Project-specific apps that are written in Python should be treated the same way as project-specific apps that are not written in Python.

Project-specific apps that are written in Python should be treated the same way as the project

Your original post suggested that a failing of a single environment lock file is that it can’t handle application environments, which suggests you’re trying to treat them in the same way as your project.

My contention is that you ought to be treating them as any other app (e.g. say you need a particular version of gcc), in which case the single environment lock file is not at fault - the fact that we don’t have a good way to treat them as a totally standalone app separated from your development environment is at fault.

(None of this is meant as a criticism of the way you’re developing your project, by the way - mine all look much the same. You just happened to bring up what I see as a good example of one of the impedance mismatches Python has right now.)

It’s much like all the discussions we had about setup.py vs. requirements.txt: if someone knows what category they are in, then we can tell them which one to use. But there’s no single answer that applies for all scenarios, and there are endless ways to “solve” a scenario by [mis]using the wrong tool. I believe once we have a categorization for “build tool” distinct from “build dependency”, we can start designing tools that properly target each of these (and some of this has been going on with the PEP 517 discussions already, so I don’t think I’m totally off in la-la-land here).

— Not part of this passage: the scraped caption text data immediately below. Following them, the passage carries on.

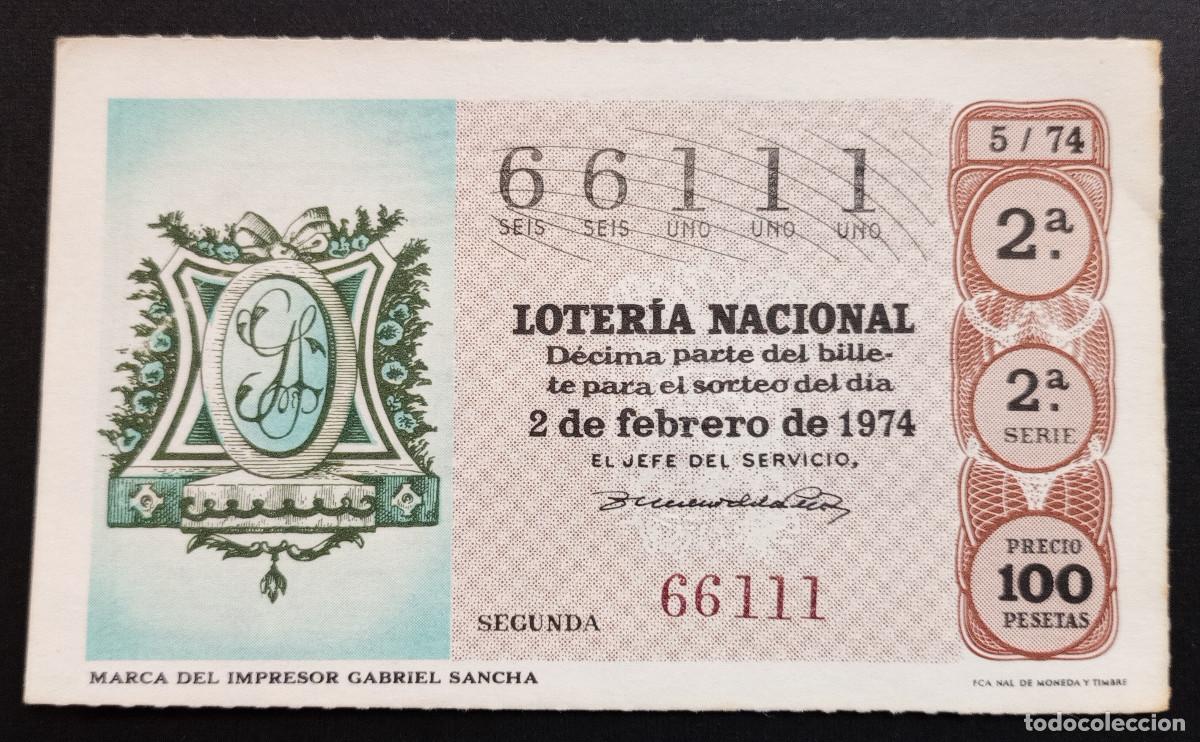 Loter&iacute;a Nacional: D&Eacute;CIMO DE LOTERIA - 2-FEBRERO-1974 - MARCA DEL IMPRESOR GABRIEL SANCHA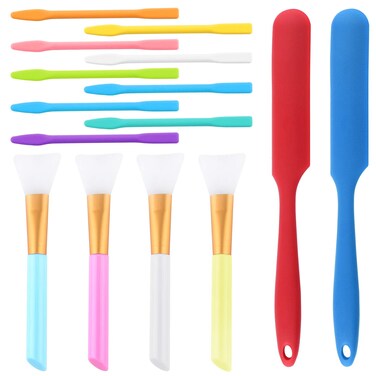 FEPITO Silicone Stir Sticks Kit Includes 9 Pcs Silicone Stir Sticks 4 Pcs Silicone Epoxy Brushes 2 Pcs Silicone Spatula for Mixing Resin, Paint, Epoxy, DIY Crafts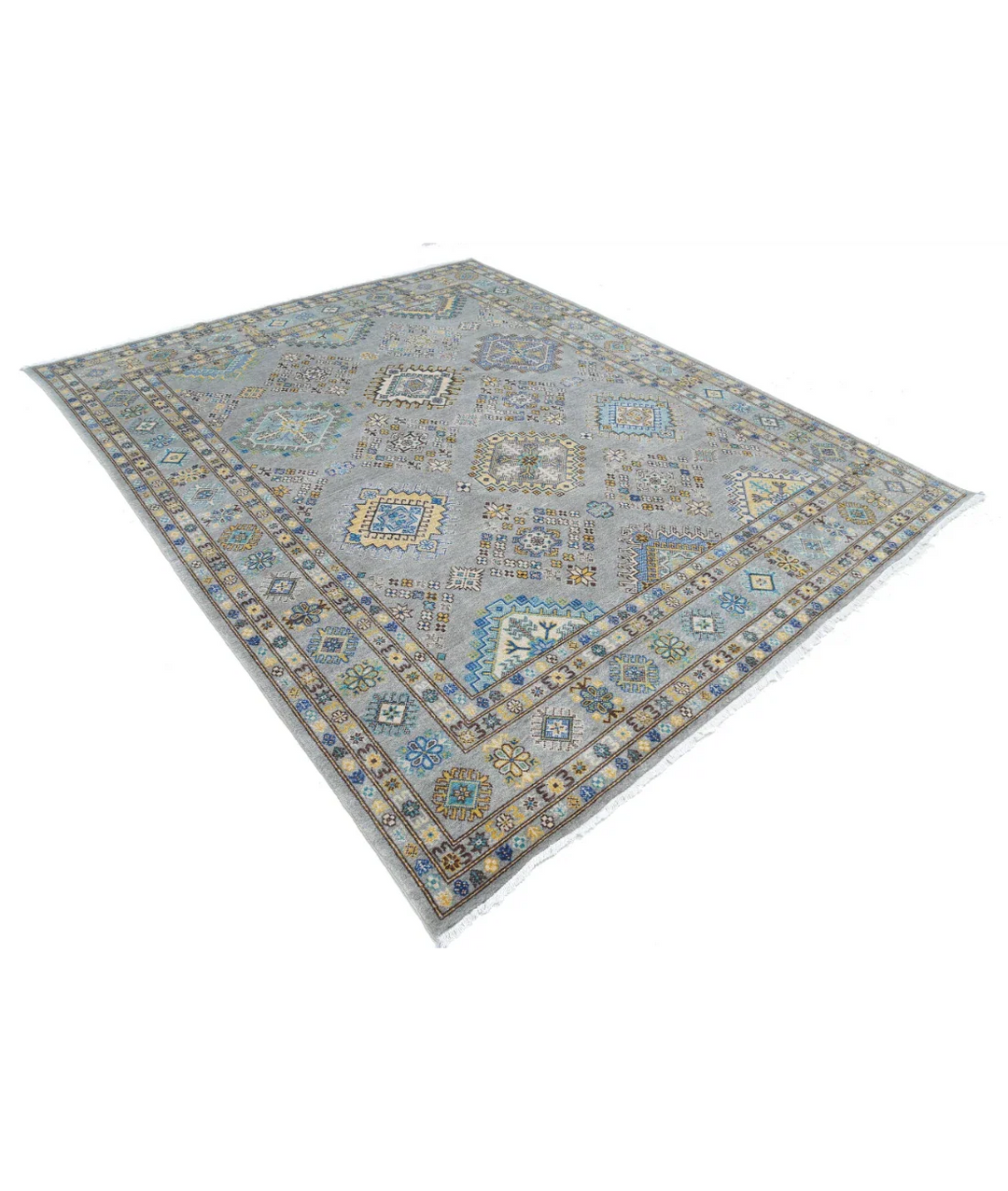 Grey Pakistani Kazak Rug 7' 9" x 9' 5" Hand-Knotted texture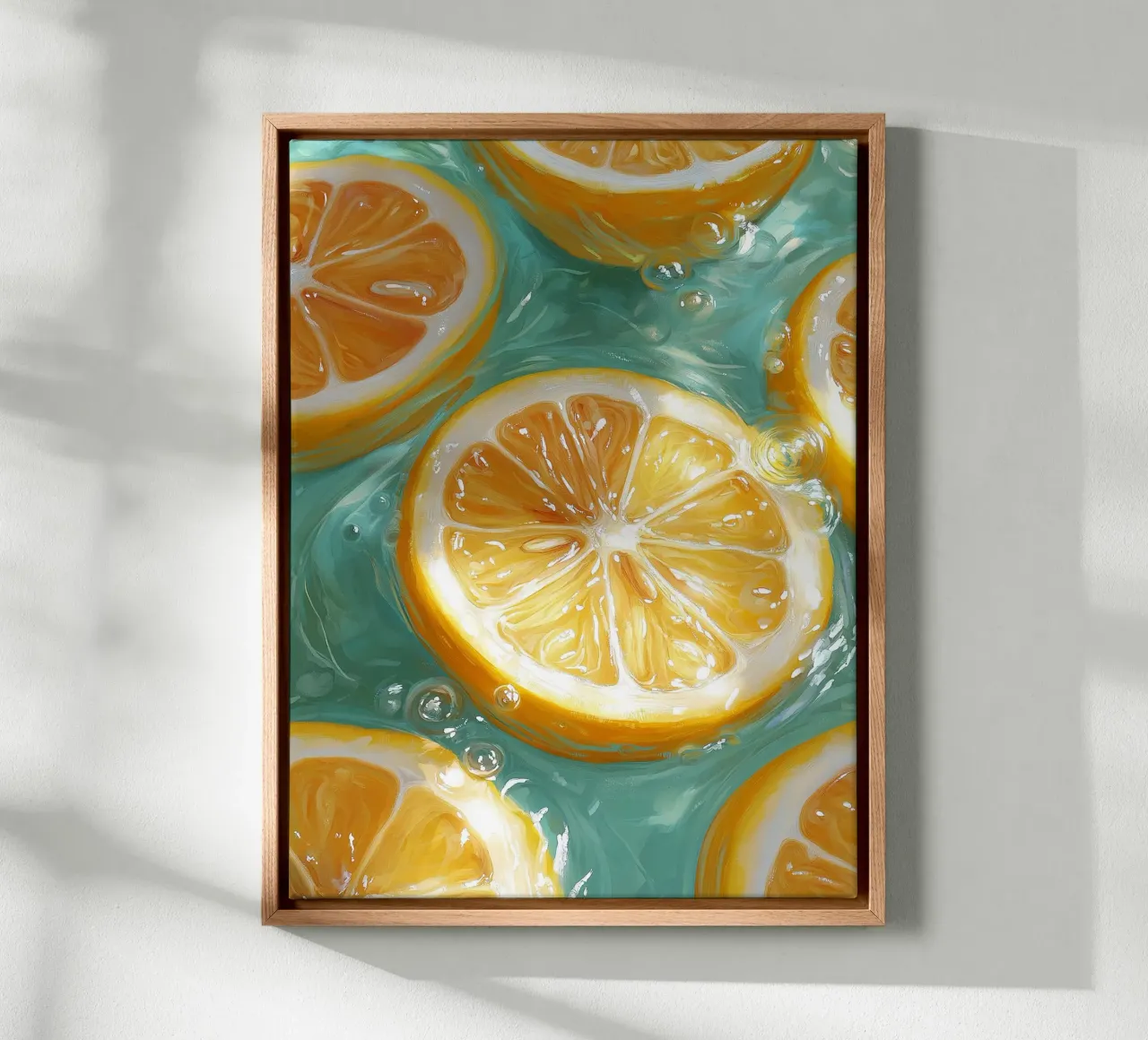 Lemons floating in water canvas by Spice & Style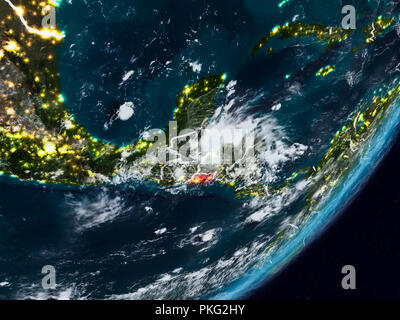 El Salvador aus dem Weltraum auf dem Planeten Erde bei Nacht mit sichtbaren Grenzen. 3D-Darstellung. Elemente dieses Bild von der NASA eingerichtet. Stockfoto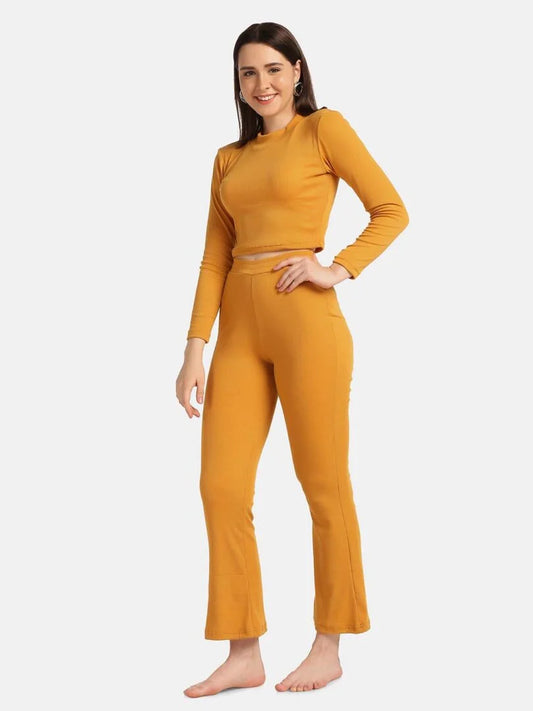 Turtle Neck Crop Top Loungewear Set - Da Intimo - Lingerie Online Store India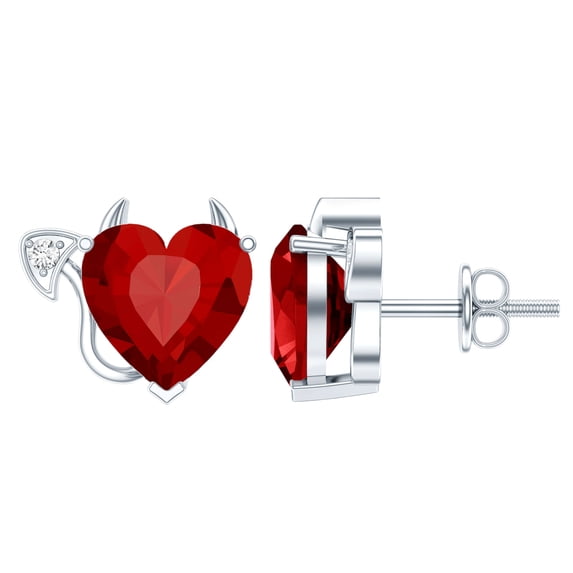 Rosec Jewels Heart Shape Lab Grown Ruby Devil Stud Earrings for Women with Moissanite (8 mm), 10K White Gold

I have very little stake in this discussion (the work I do doesn’t tend to hit this type of problem) but this statement resonates strongly with me1.

To put it another way, if a project depends on a particular version of black, why would it matter whether black were written in Python or in (say) rust?

Of course, given that I know of no good tools for setting up a project environment with the right versions of development tools like gcc (or black), I can see how it might be convenient to use Python’s dependency management to fill that gap for whatever part of your toolset is written in Python.

1 Actually, on reflection, that’s not true. I do have a stake in this, but it’s not on the dependency management side. For me, what’s the most frustrating thing is that Python development tools like black, pyflakes, mypy, tox, pytest, … are not available as standalone applications, but have to be installed in an environment somewhere. There’s no good reason for that (and a number of problems that stem from it) in my experience.